Tu só, loucura, és capaz de transformar
o mundo tantas vezes quantas sejam necessárias para olhos individuais.
Só tu és capaz de fazer que tenham razão
tantas razões que hão-de viver juntas.
Tudo excepto tu, é rotina peganhenta.
Só tu tens asas para dar
a quem tas vier buscar.

José Almada Negreiros

Tenho dias de absoluto desatino. Surge sem eu querer, começo a notar no tom de voz, na irritação que coisas-menos me provocam, na inquietude no corpo, na impaciência de uma espera que nunca diz quando vai acabar.
Tenho esses dias em que não suporto que venham com impossibilidades, com pequenos problemas em sonhos maiores, muito maiores que eles. (tenho vontade de dizer... complicas porque não tens coragem, mas não digo porque isso é ser má.)
Tenho essas horas em que se não vão comigo, cerro os dentes e vou sozinha. Vou sozinha. E sei cá dentro que não queria ir sozinha. Sei cá dentro que não queria ficar aqui, que não consigo ficar aqui e a vida é muito maior, absolutamente bela lá fora. E fujo para fora de mim.
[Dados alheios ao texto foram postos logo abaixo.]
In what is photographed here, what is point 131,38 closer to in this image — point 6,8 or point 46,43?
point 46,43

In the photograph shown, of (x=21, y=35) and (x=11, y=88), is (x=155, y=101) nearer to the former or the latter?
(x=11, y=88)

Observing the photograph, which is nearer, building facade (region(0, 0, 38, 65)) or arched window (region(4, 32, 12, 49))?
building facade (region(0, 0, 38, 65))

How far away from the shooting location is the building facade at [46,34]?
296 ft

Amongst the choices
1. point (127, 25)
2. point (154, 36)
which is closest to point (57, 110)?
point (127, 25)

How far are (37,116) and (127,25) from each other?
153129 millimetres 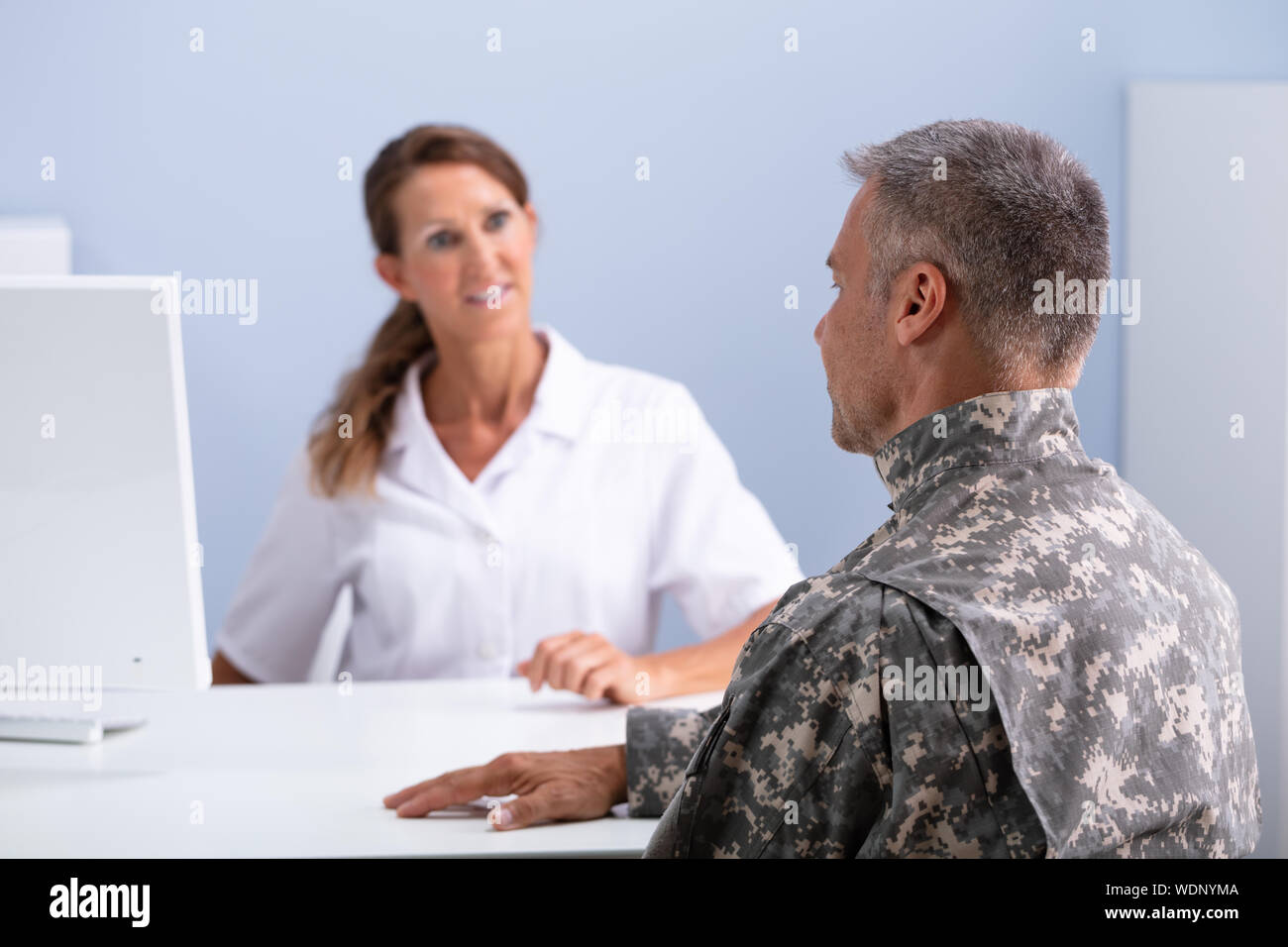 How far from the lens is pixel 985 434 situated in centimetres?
90

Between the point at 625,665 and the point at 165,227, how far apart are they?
5.79ft

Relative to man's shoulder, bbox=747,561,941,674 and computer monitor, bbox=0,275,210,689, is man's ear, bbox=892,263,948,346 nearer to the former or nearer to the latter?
man's shoulder, bbox=747,561,941,674

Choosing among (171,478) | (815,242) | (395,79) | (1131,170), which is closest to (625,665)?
(171,478)

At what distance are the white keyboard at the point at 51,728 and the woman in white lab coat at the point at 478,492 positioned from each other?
32.9 inches

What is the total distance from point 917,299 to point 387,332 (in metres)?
1.88

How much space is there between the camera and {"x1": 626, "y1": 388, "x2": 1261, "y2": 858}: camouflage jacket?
0.79 metres

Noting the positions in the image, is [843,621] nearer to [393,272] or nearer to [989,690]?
[989,690]

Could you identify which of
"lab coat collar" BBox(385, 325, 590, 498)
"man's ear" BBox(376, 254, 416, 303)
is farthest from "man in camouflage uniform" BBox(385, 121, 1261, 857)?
"man's ear" BBox(376, 254, 416, 303)

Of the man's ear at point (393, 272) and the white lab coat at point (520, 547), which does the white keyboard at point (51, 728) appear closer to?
the white lab coat at point (520, 547)

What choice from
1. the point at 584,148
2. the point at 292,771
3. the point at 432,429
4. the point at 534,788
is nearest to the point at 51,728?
the point at 292,771

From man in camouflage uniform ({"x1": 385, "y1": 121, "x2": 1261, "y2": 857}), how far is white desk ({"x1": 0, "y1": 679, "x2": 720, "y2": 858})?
0.35 meters

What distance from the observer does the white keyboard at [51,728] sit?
143cm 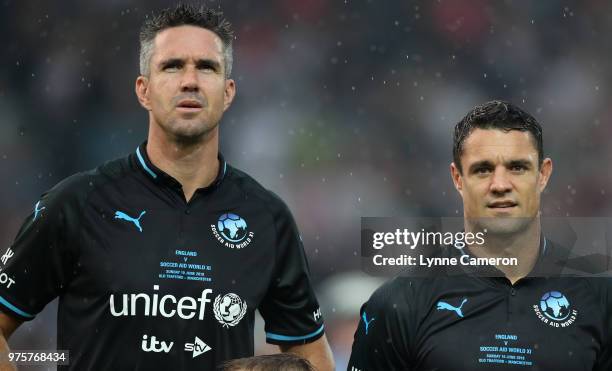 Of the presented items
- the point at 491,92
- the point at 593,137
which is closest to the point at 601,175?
the point at 593,137

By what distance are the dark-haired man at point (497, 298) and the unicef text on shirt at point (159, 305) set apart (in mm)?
735

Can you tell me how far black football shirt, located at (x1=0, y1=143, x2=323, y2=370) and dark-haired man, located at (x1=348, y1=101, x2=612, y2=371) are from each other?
55 cm

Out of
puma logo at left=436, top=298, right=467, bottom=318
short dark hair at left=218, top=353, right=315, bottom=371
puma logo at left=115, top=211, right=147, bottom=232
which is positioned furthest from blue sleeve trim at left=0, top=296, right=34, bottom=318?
short dark hair at left=218, top=353, right=315, bottom=371

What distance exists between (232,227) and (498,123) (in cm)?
131

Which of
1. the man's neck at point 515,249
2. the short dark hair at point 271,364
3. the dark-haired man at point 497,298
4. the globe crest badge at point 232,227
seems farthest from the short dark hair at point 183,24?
the short dark hair at point 271,364

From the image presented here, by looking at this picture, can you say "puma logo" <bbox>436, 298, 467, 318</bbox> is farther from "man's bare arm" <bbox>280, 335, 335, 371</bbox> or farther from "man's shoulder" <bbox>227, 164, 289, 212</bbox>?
"man's shoulder" <bbox>227, 164, 289, 212</bbox>

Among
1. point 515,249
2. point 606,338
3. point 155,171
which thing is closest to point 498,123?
point 515,249

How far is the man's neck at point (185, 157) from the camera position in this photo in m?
4.73

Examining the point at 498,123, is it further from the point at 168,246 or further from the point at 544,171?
the point at 168,246

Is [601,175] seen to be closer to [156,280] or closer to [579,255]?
[579,255]

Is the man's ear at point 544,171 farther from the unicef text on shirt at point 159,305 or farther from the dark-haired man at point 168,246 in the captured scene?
the unicef text on shirt at point 159,305

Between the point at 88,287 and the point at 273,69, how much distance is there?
16.3 feet

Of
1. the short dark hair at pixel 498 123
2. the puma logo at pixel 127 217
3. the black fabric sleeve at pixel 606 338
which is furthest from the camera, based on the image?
the puma logo at pixel 127 217

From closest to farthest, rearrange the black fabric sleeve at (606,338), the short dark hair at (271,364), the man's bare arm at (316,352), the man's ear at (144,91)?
1. the short dark hair at (271,364)
2. the black fabric sleeve at (606,338)
3. the man's ear at (144,91)
4. the man's bare arm at (316,352) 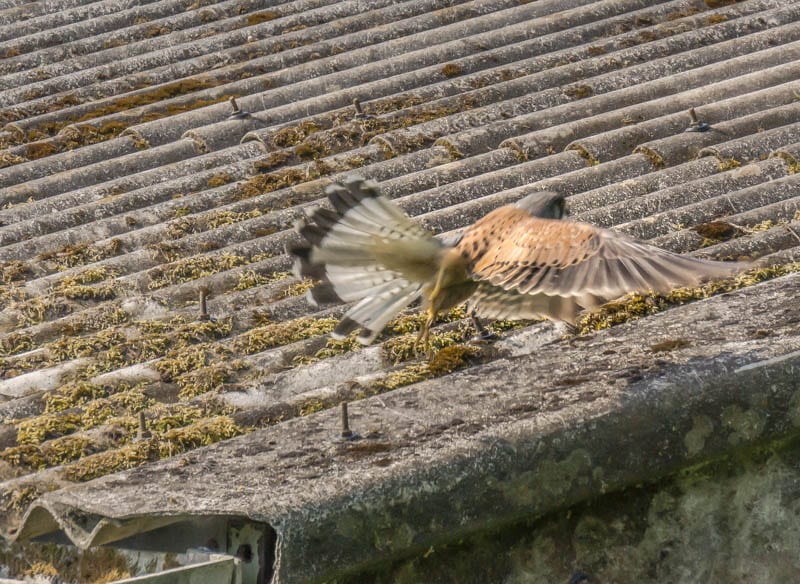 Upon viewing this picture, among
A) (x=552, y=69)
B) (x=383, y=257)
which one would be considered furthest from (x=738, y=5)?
(x=383, y=257)

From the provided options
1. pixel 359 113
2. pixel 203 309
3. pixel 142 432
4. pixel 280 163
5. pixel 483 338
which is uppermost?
pixel 359 113

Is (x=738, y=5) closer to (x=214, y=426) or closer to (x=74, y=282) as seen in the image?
(x=74, y=282)

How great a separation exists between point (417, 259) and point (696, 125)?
2.17 meters

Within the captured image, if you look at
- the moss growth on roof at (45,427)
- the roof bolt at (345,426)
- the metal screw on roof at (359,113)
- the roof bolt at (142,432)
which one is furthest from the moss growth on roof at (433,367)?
the metal screw on roof at (359,113)

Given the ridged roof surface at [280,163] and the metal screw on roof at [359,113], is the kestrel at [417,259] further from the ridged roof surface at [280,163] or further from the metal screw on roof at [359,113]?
the metal screw on roof at [359,113]

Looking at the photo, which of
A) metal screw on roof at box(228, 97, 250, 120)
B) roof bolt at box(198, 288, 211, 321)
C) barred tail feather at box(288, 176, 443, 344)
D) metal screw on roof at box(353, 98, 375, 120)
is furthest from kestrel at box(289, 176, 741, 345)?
metal screw on roof at box(228, 97, 250, 120)

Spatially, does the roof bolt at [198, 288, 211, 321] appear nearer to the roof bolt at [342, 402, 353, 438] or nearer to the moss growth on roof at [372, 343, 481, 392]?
the moss growth on roof at [372, 343, 481, 392]

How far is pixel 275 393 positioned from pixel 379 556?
114 cm

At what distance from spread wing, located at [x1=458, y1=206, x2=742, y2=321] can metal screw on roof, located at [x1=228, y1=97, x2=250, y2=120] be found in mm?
2451

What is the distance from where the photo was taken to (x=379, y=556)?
3.81 metres

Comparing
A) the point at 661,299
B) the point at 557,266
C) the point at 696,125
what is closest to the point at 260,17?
the point at 696,125

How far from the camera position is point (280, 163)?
684cm

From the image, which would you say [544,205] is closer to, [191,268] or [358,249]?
[358,249]

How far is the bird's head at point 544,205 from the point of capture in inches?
202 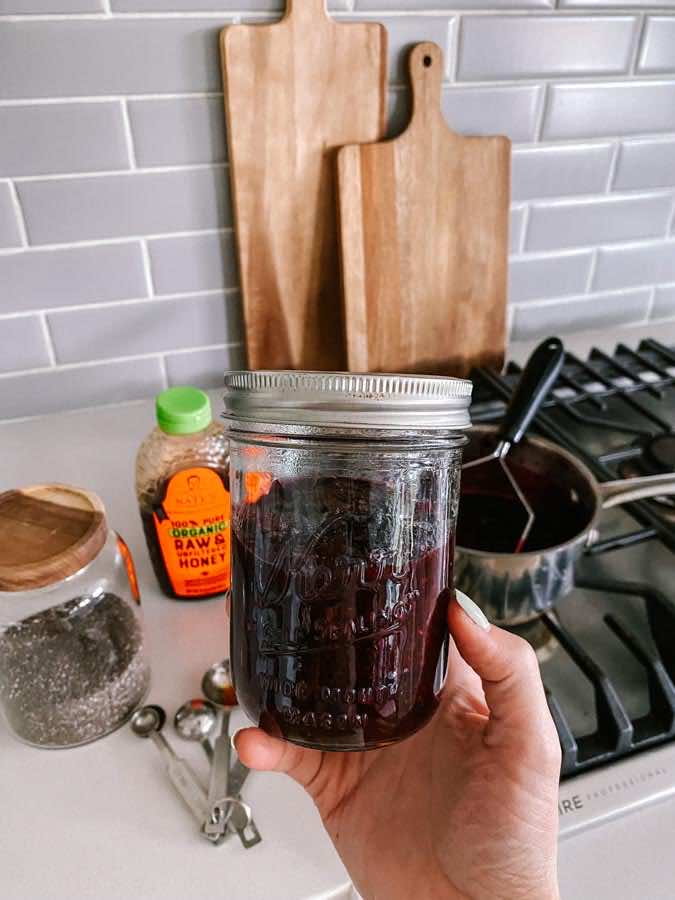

Escolho o meu gorro, levo o meu caderno, levo a minha máquina fotográfica (que só uso se me apetecer mesmo), levo as minhas botas e o meu mapa... que só sigo quando quero.
Olhos abertos, foi o que me ensinaram.
Nestes dias não gosto de negociar. Não gosto de convencer. Não gosto de seduzir.
Atrevidamente. É a palavra que mais gosto neste poema.
Descer abismos. Trepar abismos. Onde chegarei? "Pelo sonho não vamos lá" mas falo-ei enquanto cerrar os dentes e avançar.


...
Há filmes, há textos, que me lembram quem sou.